METHODS: A random sample of 68 elementary and middle school children tasted identical pairs of 3 snack food items containing vegetables. In each pair, 1 sample’s label included the food’s vegetable (eg, broccoli gingerbread spice cake), and 1 sample’s label did not (eg, gingerbread spice cake). Participants reported whether the samples tasted the same, or whether they preferred one sample. Frequency of vegetable consumption was also assessed.

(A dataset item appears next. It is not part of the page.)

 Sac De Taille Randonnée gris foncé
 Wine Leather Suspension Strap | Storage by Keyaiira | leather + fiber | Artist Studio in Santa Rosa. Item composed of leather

RESULTS: Taste preferences did not differ for the labeled versus the unlabeled sample of zucchini chocolate chip bread, χ(2) (2, n = 68) = 3.21, P = .20 or broccoli gingerbread spice cake χ(2) (2, n = 68) = 2.15, P = .34. However, students preferred the unlabeled cookies (ie, chocolate chip cookies) over the vegetable-labeled version (ie, chickpea chocolate chip cookies), χ(2) = (2, n = 68) 9.21, P = .01. Chickpeas were consumed less frequently (81% had not tried in past year) as compared to zucchini and broccoli.
CONCLUSIONS AND IMPLICATIONS: Informing children of the presence of vegetables hidden within snack food may or may not alter taste preference and may depend on the frequency of prior exposure to the vegetable.